World Bulletin / News Desk
“This is would mean a loss equivalent to £2,300 ($3,168) per year for each person in Scotland,” a new economic impact analysis claimed.
“The best way to protect the economy would be to remain in the Single Market and the Customs Union,” the report noted, echoing a statement of First Minister Nicola Sturgeon.
In a speech on Monday, Sturgeon said: “For the sake of jobs, the economy and the next generation, today we are calling on the U.K. government to drop its hard Brexit red-lines so that Scotland and the U.K. can stay inside the single market and customs union.”
“Scotland is particularly well-placed to take advantage of the developing and deepening single market -- the world’s biggest economy of 500 million people, eight times the size of the U.K.," she said.
Sturgeon argued that British Prime Minister Theresa May “wants to leave not only the political structures of the EU but come out of the European Economic Area shows just how extreme the U.K. government’s position is.”
“With just weeks to go before the opening of talks on the future relationship that extreme stance must be dropped,” she warned.
The second phase of Brexit negotiations, which will shape the future trade relations between the U.K. and the bloc will begin in March.
Britain is set to leave the EU in March 2019 but the sides have agreed on principle to introduce a transition period expected to last around 2 years.

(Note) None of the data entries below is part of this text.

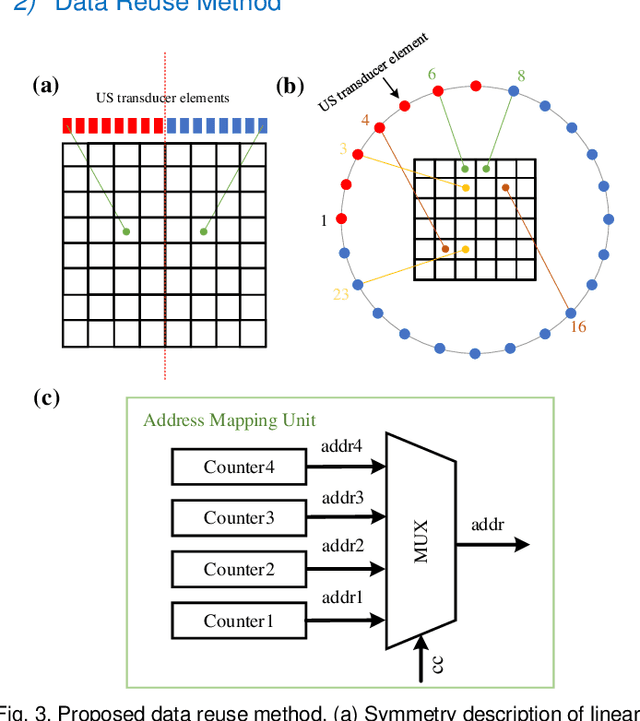 Figure 3 for Hardware Architecture Design of Model-Based Image Reconstruction Towards Palm-size Photoacoustic Tomography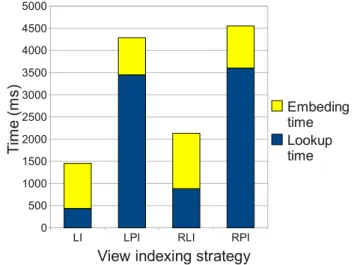 Figure 9: Index entries and lookups generated for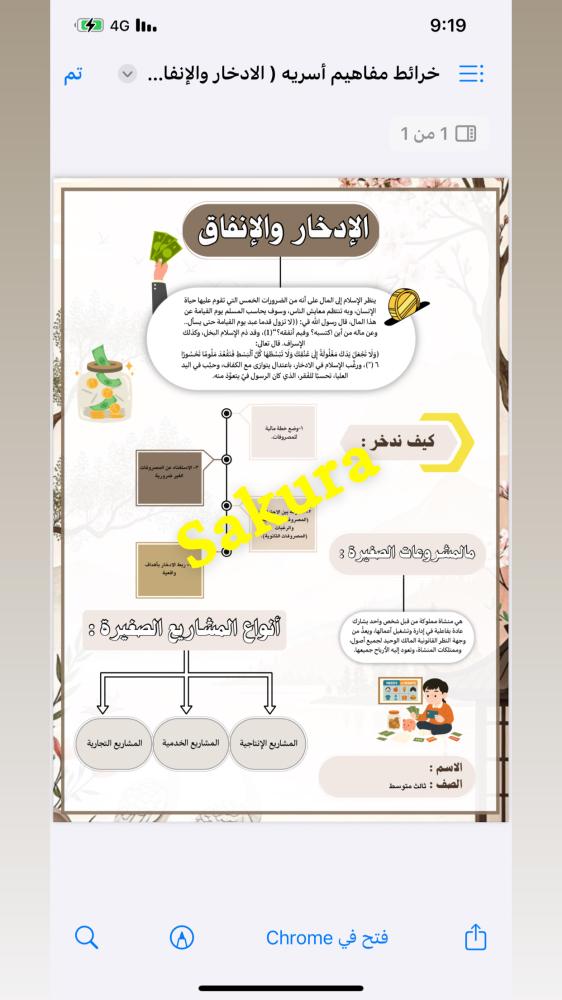 خرائط مفاهيم ( الادخار والإنفاق ) صف ثالث متوسط الترم الأول
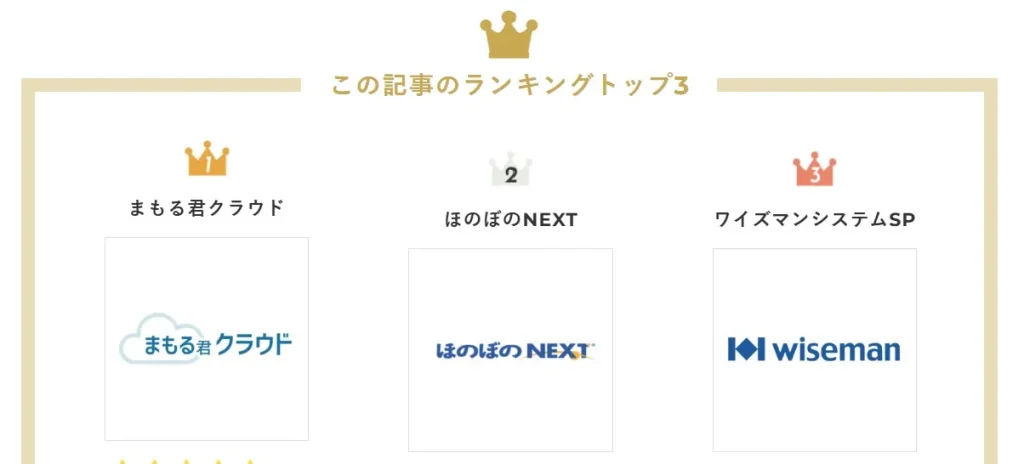 この記事のランキングトップ3
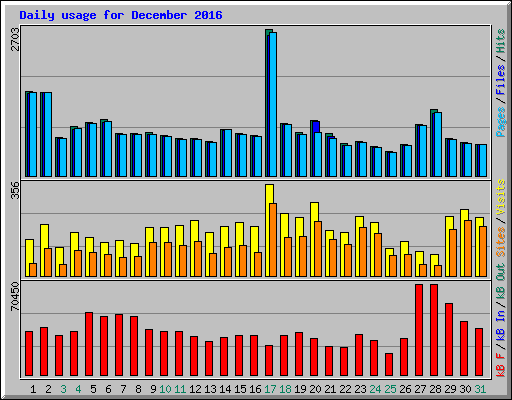 Daily usage for December 2016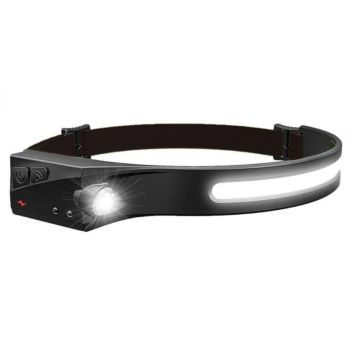 USB Powered Rechargeable Headlamp - Lightweight LED Head Torch for Camping, Hiking & Nighttime Outdoor Use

Last year, Sturgeon had underlined in her Scottish National Party (SNP) manifesto that the Europe’s single market is far too important to Scotland’s economy to lose and Scotland “must have a choice” when the details of a final deal with the EU is clear in 2018.
She had reiterated her party’s view on a second independence vote, saying the country must have a choice at the end of Brexit negotiations with the EU, signaling a new referendum on Scottish independence.
A majority of Scottish voters (62 percent) opted to remain in the EU in the 2016 referendum, which began the end of the U.K.'s membership in the union after 44 years.